FOCUS ON STRENGTHS. A similar effect might be accomplished by dividing the flying world into regional niches, says Young. Big carriers could focus on higher-revenue, transcontinental routes used primarily by business travelers. American, which is already strong in South America, could build on its presence there. Northwest, which has many routes to Asia, could focus on that region. And Continental could get bigger in Europe.
In that scenario, short trips between popular markets in the U.S. would naturally become the domain of Southwest and JetBlue, while regional carriers could focus on the smallest markets. Such an idea raises, but doesn't answer, difficult questions: Who would divide the pie? How to ensure that such mini-monopolies wouldn't lead to out-of-sight fare increases?
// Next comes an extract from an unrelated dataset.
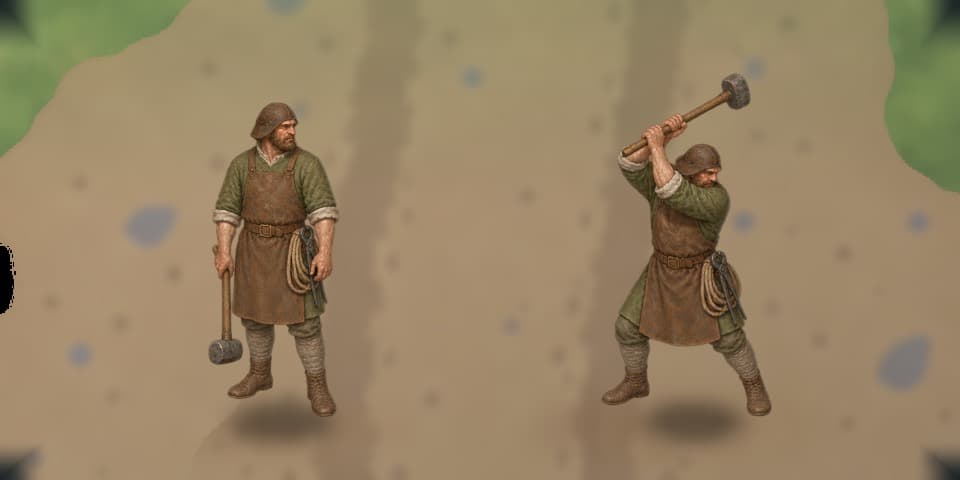Two painted views of the same engineer — a craftsman-soldier in kettle hat, quilted gambeson and work apron — on the packed earth of a siege yard with restrained work details: standing ready at left with rope coil and tongs at his belt, and at right mid-swing with the iron maul raised overhead in a melee strike with tools.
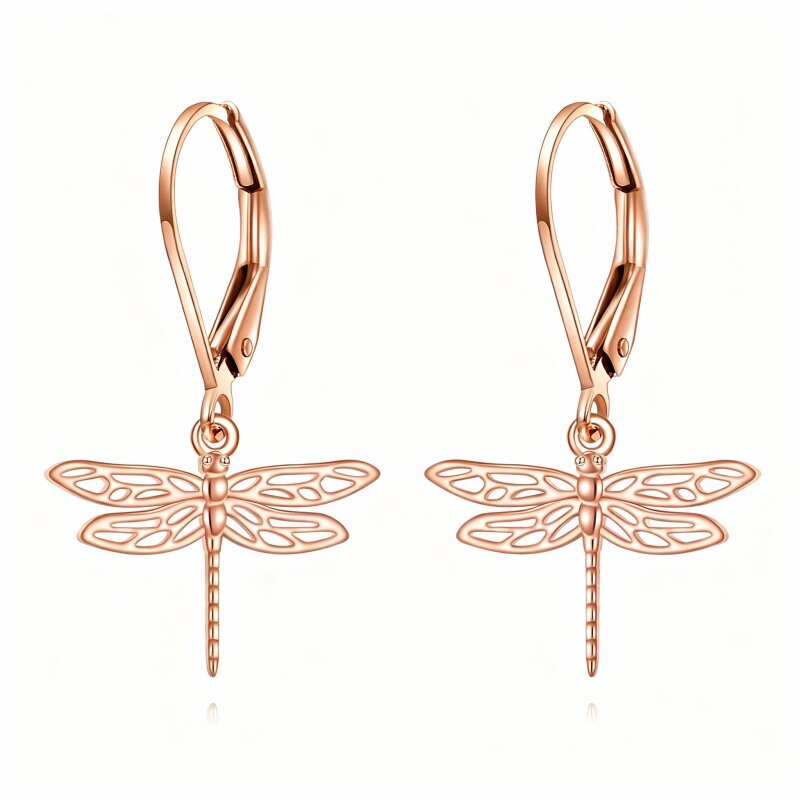 Pendientes colgantes de libélula en oro rosa de 18 quilates-1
The major carriers could be shoved in that direction anyway, as point-to-point carriers attract price-conscious passengers on the biggest airlines' best routes. Without much fanfare, Southwest has become the fourth-largest domestic carrier in terms of passengers carried. In response, United and Delta have unveiled plans to start low-cost, point-to-point subsidiaries. If they can earn a profit on these, they might help stem the loss of market share to the discount airlines. But pulling that off will be tricky: Analysts note that no previous efforts to build a cheap-fare airline within an existing major carrier have succeeded.